Software Security via Program Analysis

Class: 16741 CS 6501 Section 008

Instructor:

Yonghwi Kwon (yongkwon@virginia.edu, http://yongkwon.info)

Time and Place:

Tu., Thurs., 9:30AM - 10:45AM @ Rice 340

Office Hours: Tu 10:45AM ~ 12:00PM @ Rice 505

We use a google class site for homework assignments and announcements.

Course Description:

Cyberattacks are becoming more and more sophisticated. State-funded attackers are spending tremendous time and effort to infiltrate organizations (e.g., enterprise and government agencies) leveraging stealthy and sophisticated attack mechanisms (e.g., zero-day exploits).

To fight back against those attackers, there are various advanced techniques proposed by researchers and industry. As attackers break into systems in various ways, building a fundamental protection against these attackers require techniques across various layers of software and fundamental understanding of the system as well as attackers.

  • This course will cover recent advances in cyberattack prevention and analysis via program analysis and reverse-engineering. In particular, we will focus on understanding recent advances in the topics by reading, presenting, and discussing details of recent publications in top security conferences (S&P, USENIX Security, CCS, and NDSS).
  • You will learn (1) how to analyze vulnerabilities and exploits to understand root causes of the attack, and come up with fundamental solutions, (2) how to investigate sophisticated cyberattacks in order to pinpoint and discover how attackers infiltrate systems and what they did (e.g., leak secrets), and (3) how we can leverage program analysis techniques in order to automate the above tasks and make the software more secure.
  • You will (1) read recent academic papers carefully and present the essence of papers, (2) learn how to implement advanced dynamic and static analysis used in attack prevention and investigation, and (3) learn how to conduct a system security research that builds fundamental software.
  • It would be great if you have basic knowledge or experience in system programming in C (assembly is a big plus). Experience in dynamic program analysis tools (e.g., Intel Pin, DynamoRIO), static program analysis tools (e.g., LLVM), and/or reverse-engineering tools (e.g., IDA Disassembler, OllyDbg, Immunity Debugger) is very welcomed.

Opportunities:

  • If your individual project is well developed, I will support you to turn it into a research paper. Once accepted (in a conference or workshop), expenses required for your travel to the conference (or workshop) and presentation will be supported.
  • If we both agreed that your research interests and potential are well aligned (with me), we may seek for potential funding sources for your Ph.D. program.

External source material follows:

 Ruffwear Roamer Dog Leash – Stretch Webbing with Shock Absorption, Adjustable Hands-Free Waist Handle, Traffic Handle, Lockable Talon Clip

Information flow can be tracked via program analysis, meaning that we can understand how Siri and Alexa laughed.

Schedule

Week 1 (Aug 27, 29): Class Introduction / Project Descriptions / How to Read/Critique/Present System Security Papers

Week 2 (Sep 3, 5): Program Tracing / (Project 1 and Pin introduction)

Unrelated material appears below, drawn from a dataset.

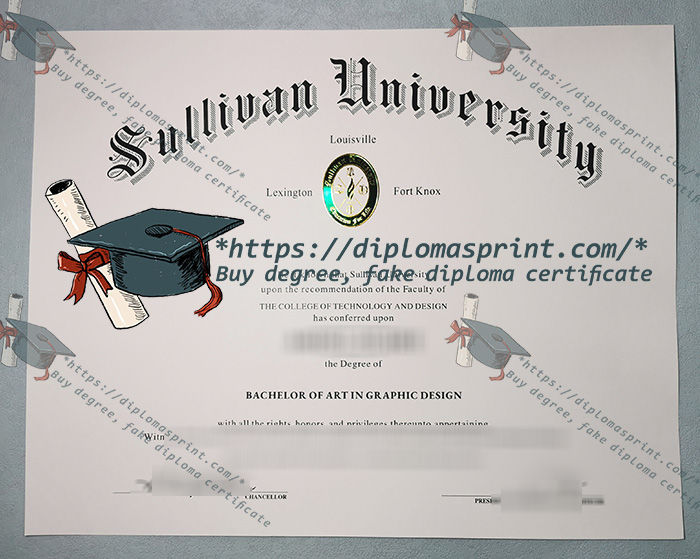 Diplom der Sullivan Universität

What is tracing? Why it is needed? How to automatically trace a program?

  • Project 1 Start -- 10% of the grade (Will be release on Friday midnight)

Week 3 (Sep 10, 12): Dynamic Analysis (Dynamic Slicing / Information Flow)

What is dynamic analysis? What is slicing and information flow? Why we need those? How to do those effectively? What we can do with those?

  • Paper Assignment

Week 4/5/6 (Sep 17, 19, 24, 26, Oct 1, 3): Dynamic Analysis (Information Flow) / Reverse Engineering (Disassembly)

Topic 1: How we can leverage our knowledge of information flow to build secure systems/make systems secure?

Topic 2: What is reverse engineering? Basic principles of disassembly. Recovering semantics

Week 7/8 (Oct 1, 3, Oct 10): Reverse Engineering (Advanced Disassembly, Decompiler, Anti-Debugging Techniques) / (Project 2 and LLVM introduction)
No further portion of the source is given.